Does this PR achieve its stated goal?
Partially. I verified by importing and calling the changed model-resolution entry points that glm-5.2 now resolves on the PR branch while it fails on main, and future IDs in the generalized glm, kimi, deepseek, and claude-opus families produce derived configs. However, the PR also changes the existing explicit claude-4.6-opus config from litellm_proxy/anthropic/claude-opus-4-6 to litellm_proxy/anthropic/claude-4-6, which is a behavior regression relative to the base branch for a model that should not be affected by family derivation.
| Phase | Result |
|---|---|
| Environment Setup | ✅ make build completed successfully and installed the uv environment. |
| CI Status | Validate PR description is failing; several build/QA checks were still pending when checked. |
| Functional Verification |
Functional Verification
Test 1: New GLM version resolves without an explicit config entry
Step 1 — Establish baseline on origin/main:
Ran a Python script that imports .github/run-eval/resolve_model_config.py and calls find_models_by_id() with representative model IDs:
ERROR: Model ID 'glm-5.2' not found. Available models: ... glm-4.7, glm-5, glm-5.1, ...
glm-5.2: SystemExit(1)
glm-5: id=glm-5 display=GLM-5 model=litellm_proxy/openrouter/z-ai/glm-5 temperature=0.0 disable_vision=True
kimi-k2-thinking: id=kimi-k2-thinking display=Kimi K2 Thinking model=litellm_proxy/moonshot/kimi-k2-thinking temperature=1.0 disable_vision=<unset>
deepseek-v4-pro: id=deepseek-v4-pro display=DeepSeek V4 Pro model=litellm_proxy/deepseek/deepseek-v4-pro temperature=<unset> disable_vision=<unset>
claude-opus-4-8: id=claude-opus-4-8 display=Claude Opus 4.8 model=litellm_proxy/anthropic/claude-opus-4-8 temperature=<unset> disable_vision=<unset>
This confirms the stated baseline problem: a new GLM version (glm-5.2) cannot be resolved without an explicit entry on main.

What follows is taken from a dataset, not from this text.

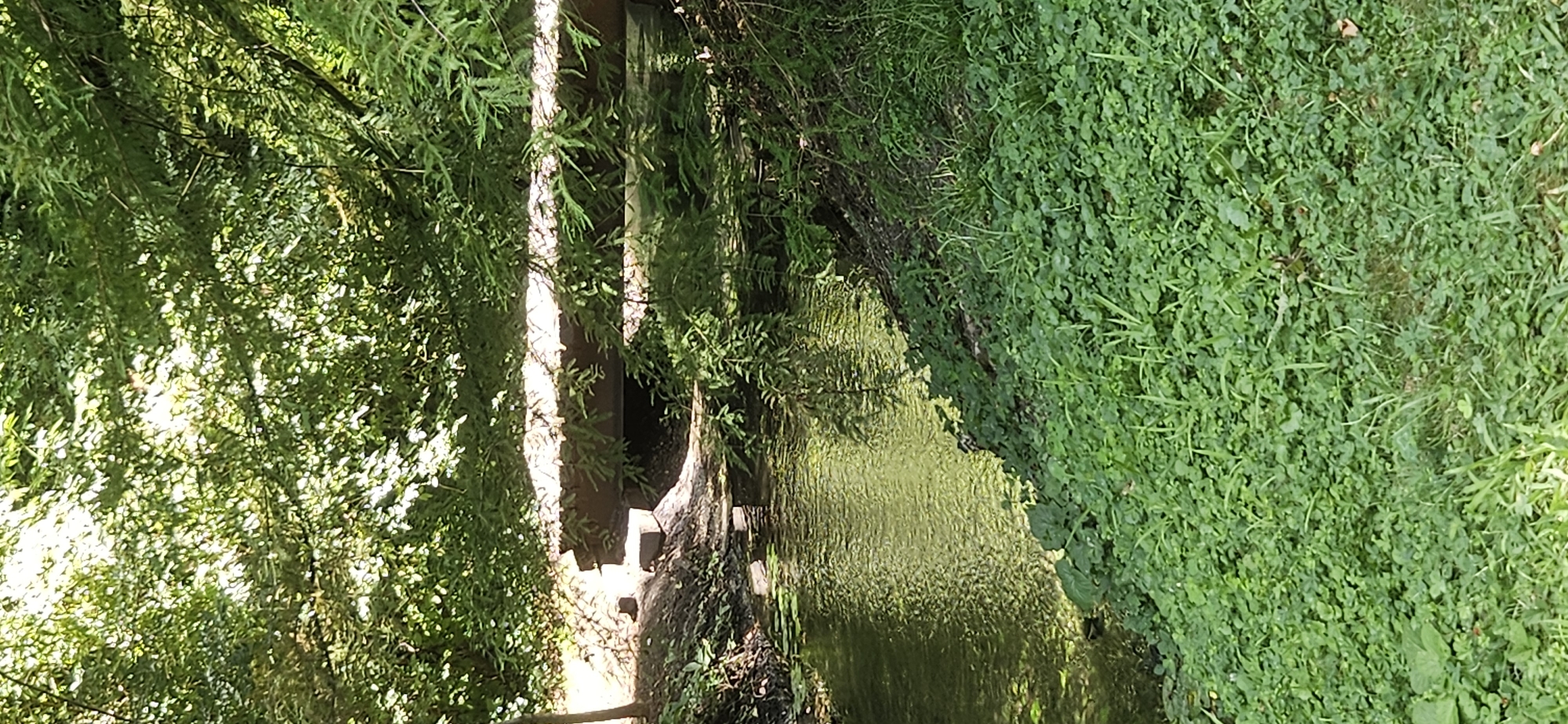 This image depicts a tranquil scene along a narrow, man-made stream that flows under a concrete culvert or bridge. The water is greenish and has a rippling surface. The banks of the stream are densely covered with vibrant green foliage, including grass and clover. Overhanging branches and leaves from trees create a shaded canopy, with dappled sunlight filtering through. On the left bank, a few scattered concrete blocks are visible near the water's edge. On the right bank, the embankment rises and is also covered in thick vegetation. The overall environment suggests a park or natural area within the city of Hévíz, Hungary, likely a drainage channel or a decorative water feature within a landscaped setting. There are no people or animals visible in the image.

Step 2 — Apply the PR's changes:
Checked out commit e0eb77c254f865603f95c3f84e2e26f6b9b3f486.
Step 3 — Re-run with the PR in place:
Ran the same script, plus future-family IDs:
glm-5.2: id=glm-5.2 display=GLM-5.2 model=litellm_proxy/openrouter/z-ai/glm-5.2 temperature=0.0 disable_vision=True
glm-5: id=glm-5 display=GLM-5 model=litellm_proxy/openrouter/z-ai/glm-5 temperature=0.0 disable_vision=True
kimi-k2-thinking: id=kimi-k2-thinking display=Kimi K2 Thinking model=litellm_proxy/moonshot/kimi-k2-thinking temperature=1.0 disable_vision=<unset>
deepseek-v4-pro: id=deepseek-v4-pro display=DeepSeek V4 Pro model=litellm_proxy/deepseek/deepseek-v4-pro temperature=<unset> disable_vision=<unset>
claude-opus-4-8: id=claude-opus-4-8 display=Claude Opus 4.8 model=litellm_proxy/anthropic/claude-opus-4-8 temperature=<unset> disable_vision=<unset>
future glm-5.3: display=GLM-5.3 model=litellm_proxy/openrouter/z-ai/glm-5.3
future kimi-k9-thinking: display=Kimi K9 Thinking model=litellm_proxy/moonshot/kimi-k9-thinking
future deepseek-v9-flash: display=DeepSeek V9 Flash model=litellm_proxy/deepseek/deepseek-v9-flash
future claude-opus-9-1: display=Claude Opus 9.1 model=litellm_proxy/anthropic/claude-opus-9-1
ERROR: Model ID 'not-a-real-family-model' not found. Available explicit models: ... Models matching a family pattern (e.g. glm-*) also resolve automatically.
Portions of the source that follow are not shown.